La pressione fiscale, in Italia, ha raggiunto il 51,8% nel IV trimestre 2021. Praticamente la metà della fatica degli imprenditori veri (quelli che sfruttano gli altri non li considero) va ad un socio occulto che si chiama Stato. Nel Medioevo i feudatari pretendevano di meno e garantivano in cambio maggiori servizi e protezione. Il Presidente di Confindustria Bonomi, parla di un 17% di imprese che hanno già chiuso è di un 30% a rischio chiusura entro l’autunno. Il totale fa 47%. Praticamente la metà del tessuto imprenditoriale italiano sta scomparendo nel silenzio assoluto innanzitutto degli imprenditori stessi.
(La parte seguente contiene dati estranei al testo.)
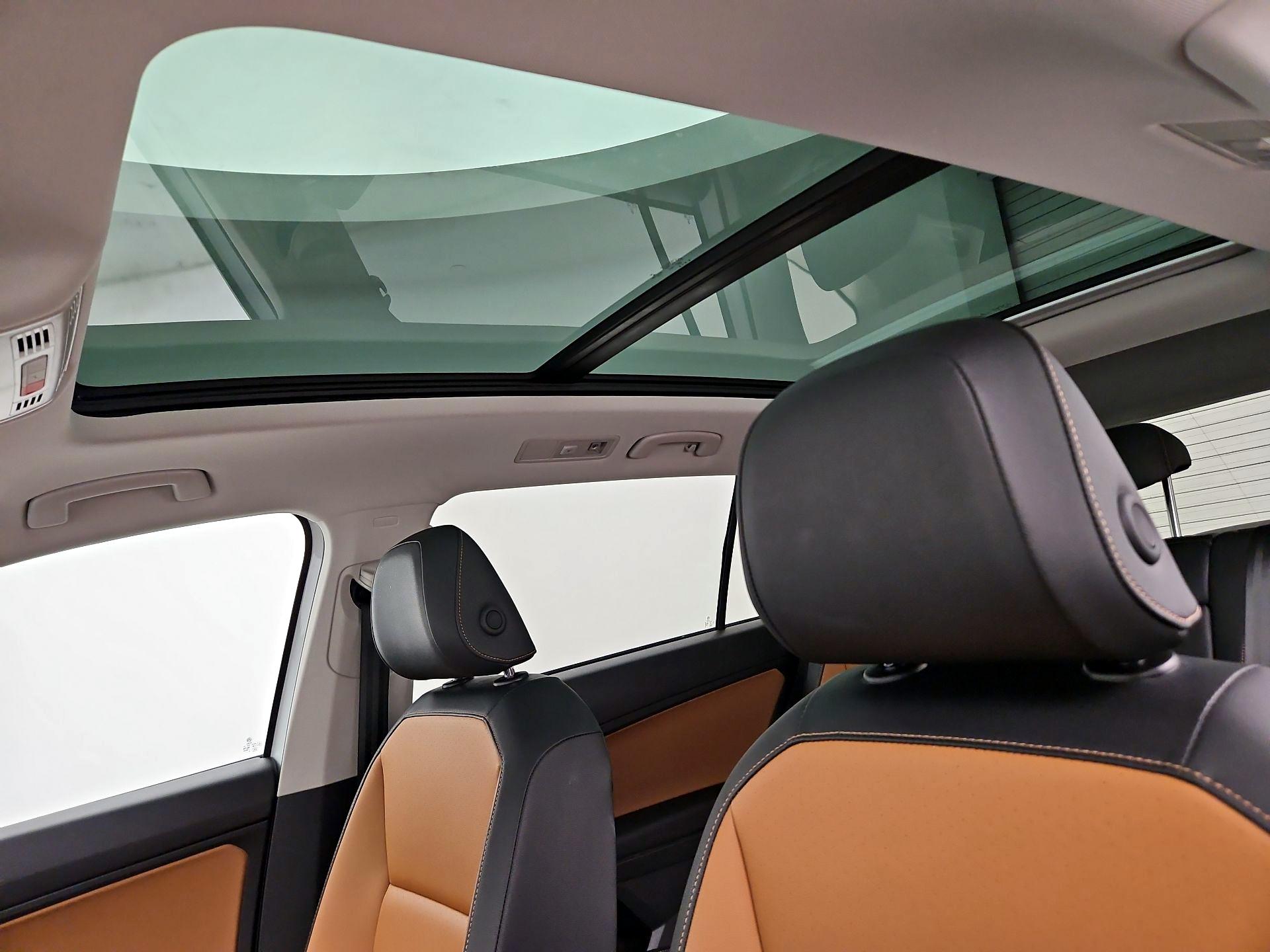 Thumbnail: 2019 Volkswagen Tiguan - 20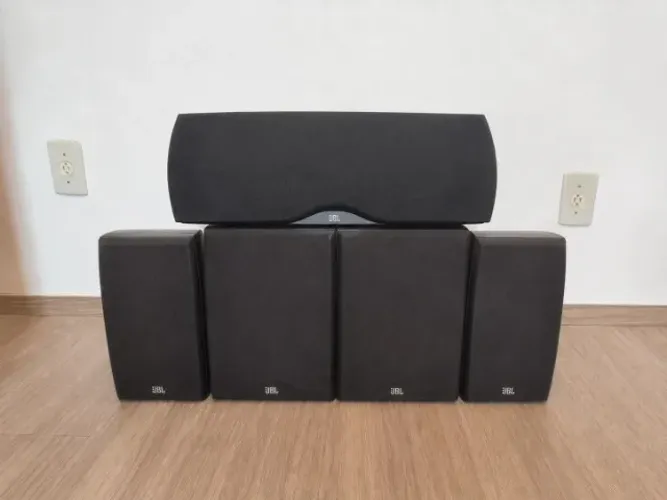 Sistema 'JBL Studio Series 5.1 Home Theater' (5 caixas = 1 Central +2 N24 + 2 N26)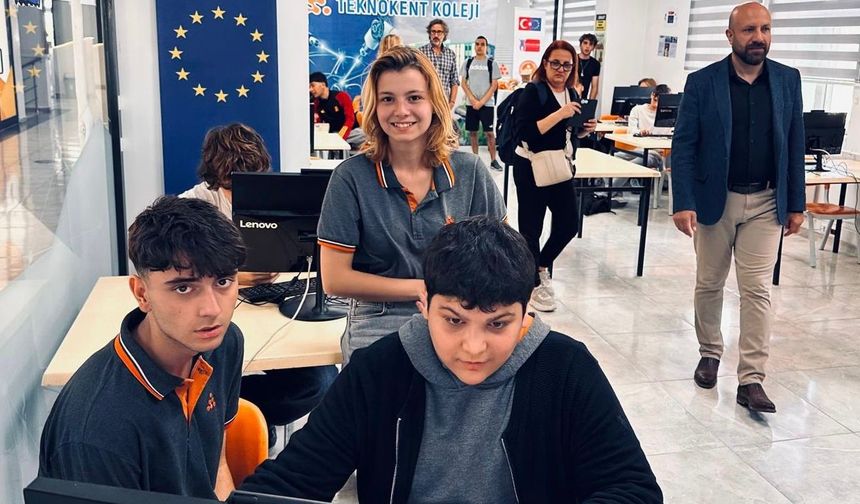 Erasmus+'ta Türkiye'nin En İyi 6 Okulundan Biri Oldular!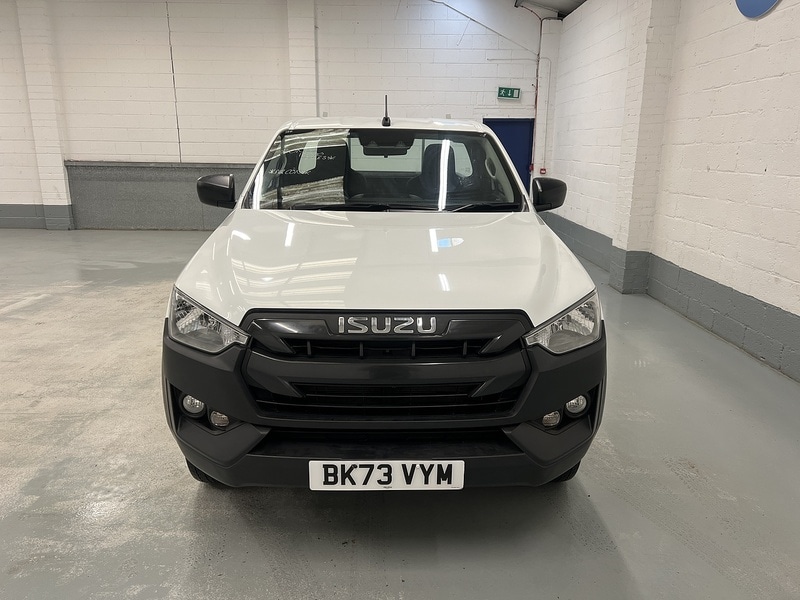 Used Isuzu D-Max 2023 for sale - 77640099: Photo 8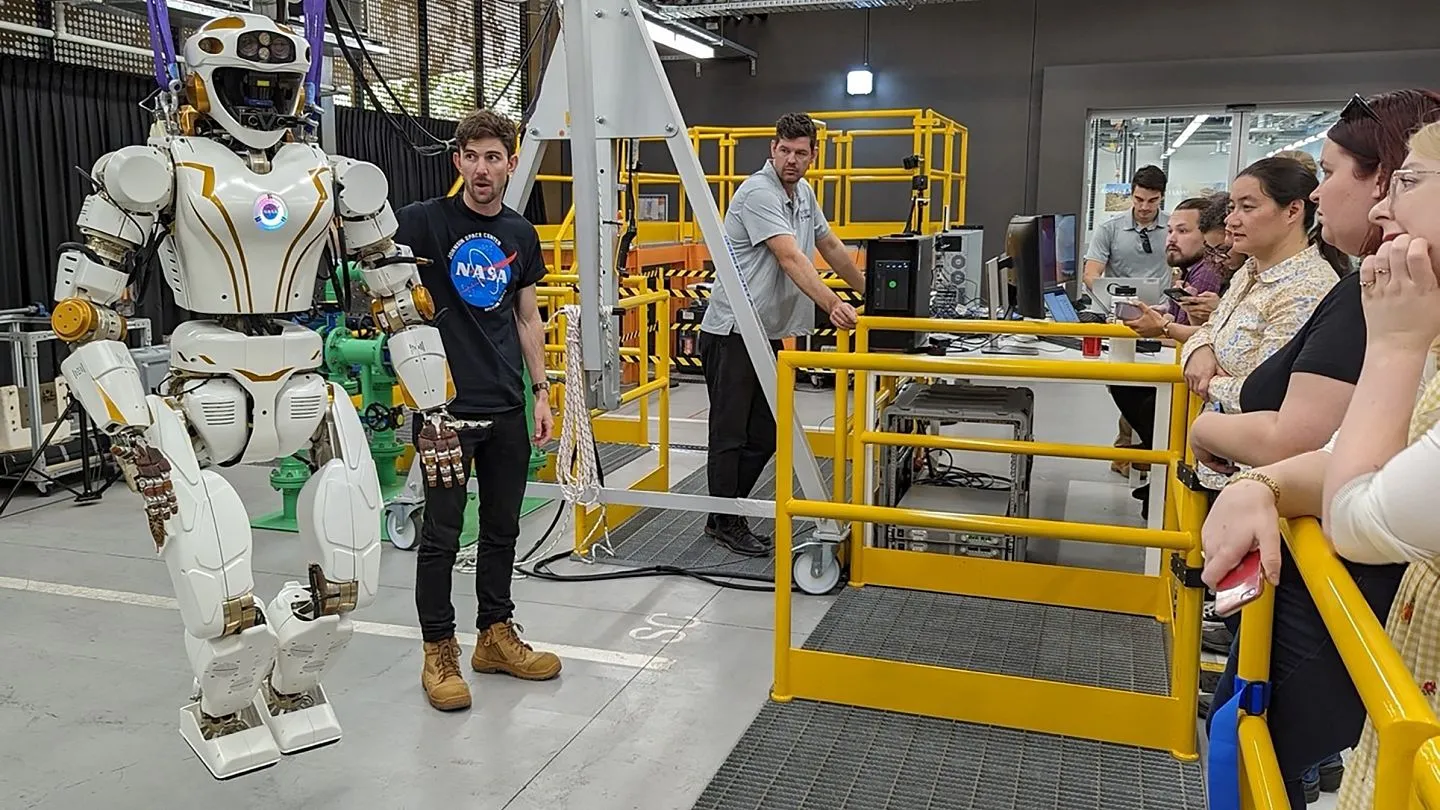 NASA uzayda insansı robotlar ile çalışacak!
Stiamo assistendo al Blu Whale delle imprese italiane. Il Blu Whale è un fenomeno sotterraneo che è stato portato sotto i riflettori dalla trasmissione “Le Iene” alcuni anni fa nato, ironia della sorte, in Russia. Un gioco perverso ed estremo, diffusosi sui social, che ha portato al suicidio centinaia di giovani adolescenti depressi.
Qualcosa di simile sta avvenendo nel mondo imprenditoriale italiano incapace, in ognuna delle associazioni di categoria che lo compongono, di avere una leadership forte, con una strategia e una visione politica del paese, capace di influenzare e condizionare le scelte dei governi in maniera virtuosa. Un mondo che ha accettato supinamente, nei decenni passati politiche del lavoro e fiscali inique e, negli ultimi due anni, stupide, illogiche e perverse restrizioni che nulla avevano a che vedere con esigenze di carattere sanitario. Restrizioni che hanno dato il colpo di grazia alle piccole attività che già uscivano azzoppate dal periodo di crisi cominciato nel 2009 e che, con l’adozione di criteri antiscientifici e antieconomici, si sono viste levare anche quel poco di risorse sui cui poggiavano le loro esili speranze di ripresa. Anche qui, come con i cittadini, la relazione tra Stato e imprese è sempre stata simile a quella tra adulti e bambini.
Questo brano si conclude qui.